Cette révision de l’interchange, est-il précisé, va permettre aux acquéreurs d’opérer des baisses significatives dans les tarifications de leurs clients commerçants, ce qui favorisera le développement du paiement électronique par carte en réduisant le taux de la commission d’acquisition.

Le communiqué précise qu’une période transitoire et des délais sont prévus dans le cadre de la mise en œuvre progressive de ces engagements après décision du Conseil de la concurrence.

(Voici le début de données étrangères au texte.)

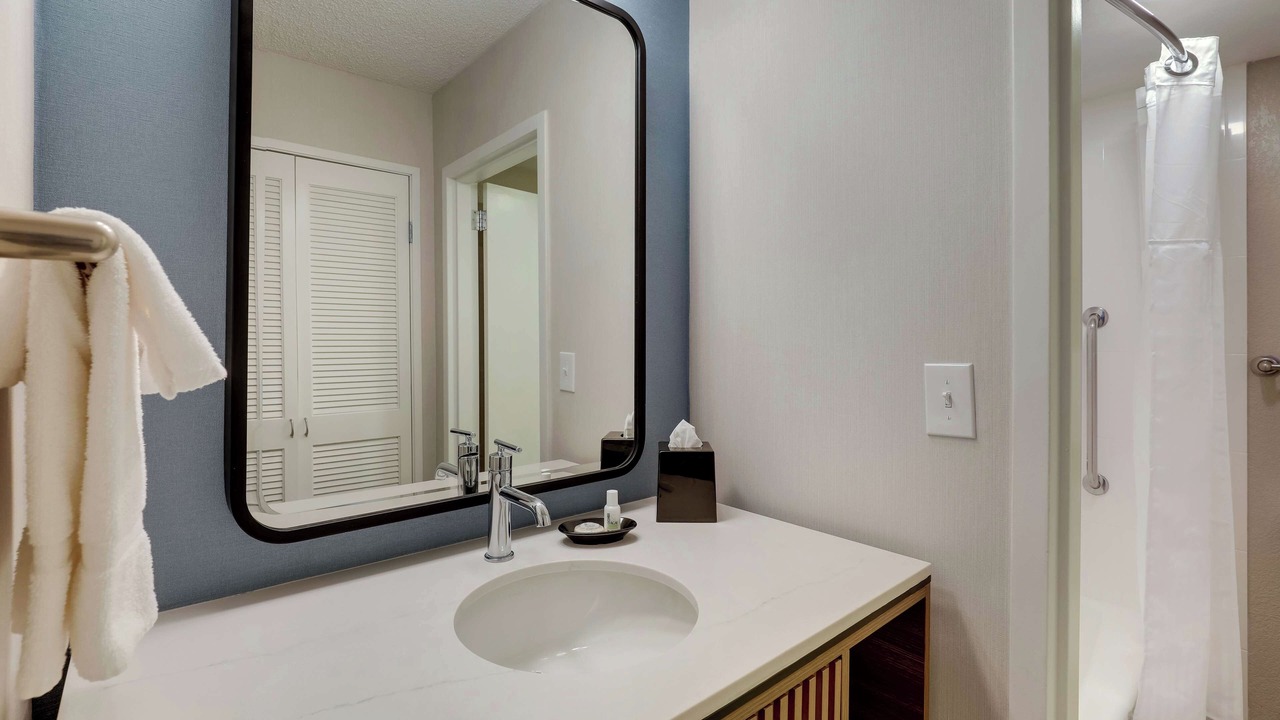 Photo of Bathroom in Mayo Clinic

Aussi et pour assurer le suivi de l’exécution de ces engagements, une entité de suivi sera créée entre le Conseil de la concurrence et la banque centrale.

Un délai de 30 jours pour recueillir les observations des parties

Par ailleurs, le CMI et les banques actionnaires de ce dernier se sont engagés à transmettre au Conseil de la concurrence à partir de la date de la décision du Conseil rendant obligatoire les engagements précités, et pour une durée de deux années, un état semestriel documenté détaillant l’exécution des différents engagements structurels et comportementaux souscrits.

Le Conseil de la concurrence a expliqué qu’il publie les engagements proposés par le CMI et ses banques actionnaires afin de recueillir les observations des parties, du Commissaire du gouvernement et le cas échéant, des tiers intéressés dans un délai de 30 jours à partir de la date de publication du présent communiqué, soit le 30 octobre 2024.

À l’issue de ce test de marché, et après examen des observations émises, le Conseil de la concurrence prendra sa décision finale en rendant les engagements précités obligatoires pour les parties, ce qui marquera la clôture de la procédure.